Like Australia, New Zealand relies on Asian refiners for the provision of fuel. These Singaporean and South Korean refiners, meanwhile, rely on oil supplies from the Middle East, which have, of course, been effectively strangled by Iran.

New Zealanders will be hoping for some good news in the first half of the week as Iran faces a deadline from the U.S. to reopen the Strait.

Our suspicion is that Iran won't comply, but will do enough to prompt President Donald Trump to extend the deadline. We think this only prolongs the troubles and adds to NZD weakness.

So in a three-way scenario analysis, two outcomes are NZD-negative, which is a handy way of plotting GBP/NZD's path.

Don't forget that tonight the RBNZ delivers its latest policy update.

The market does not expect any change in the cash rate at this meeting. Following on from Governor Breman's speech last week, the RBNZ's communication is likely to reaffirm the Bank's reluctance to respond impulsively to the Middle East conflict.

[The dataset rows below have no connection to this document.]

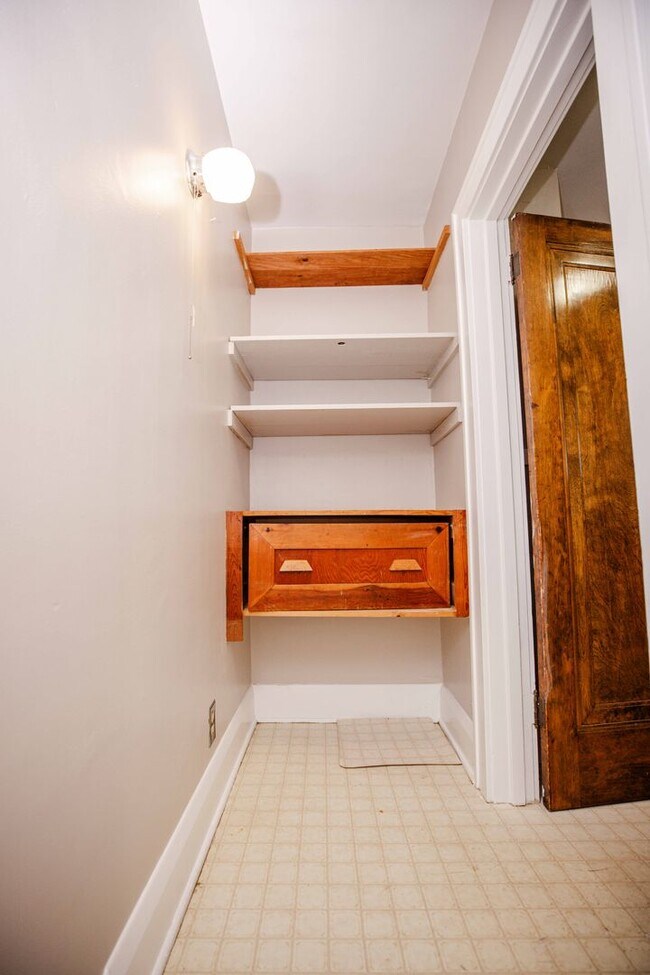 Building Photo - Beautiful two bedroom home with bonus room, fenced in back yard, garage, and full basement!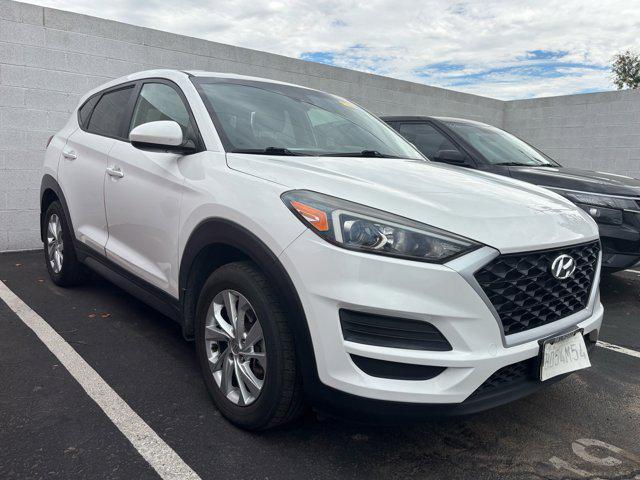 Photo of 2021 Winter White Hyundai TUCSON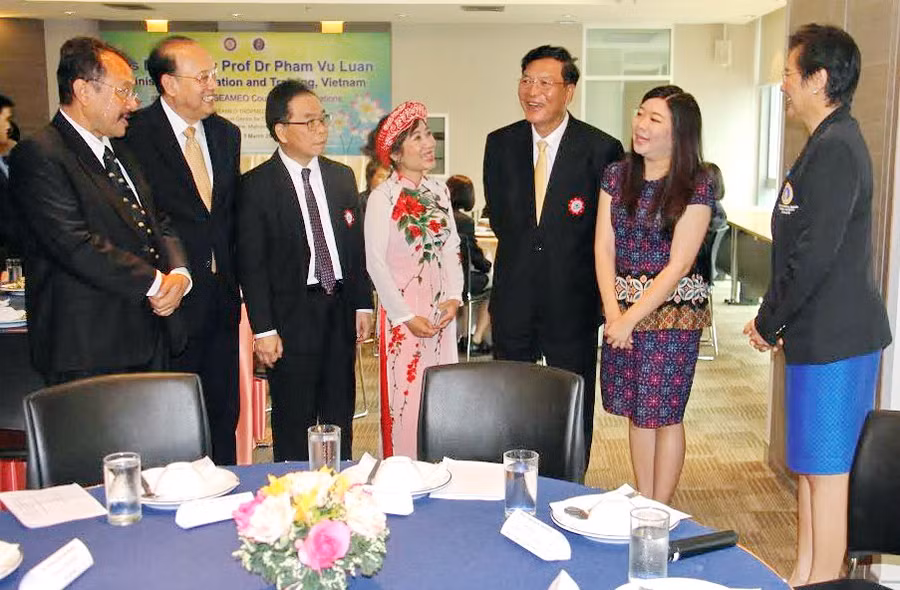 Bộ trưởng và các lãnh đạo SEAMEO, mạng lưới TROPMED và Trung tâm TROPMED Thái Lan trò chuyện với cô Nguyễn Thị Linh Hà - cán bộ Trường ĐH Dược Hà Nội đang học tập tại Trung tâm TROPMED Thái Lan.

The Reserve Bank will indicate the economy is still operating below capacity.

"This should challenge the market's pricing of more than 75bps of hikes this year," says a note from TD Securities.

The rule of thumb is that this would amount to a 'dovish' interpretation of the RBNZ's guidance, which would typically result in NZD weakness.

However, TD Securities says it will scan the Minutes for any signs the RBNZ may consider shifting its stance in favour of bringing forward hikes earlier. That would amount to a 'hawkish' outcome that would prompt the NZD to rally.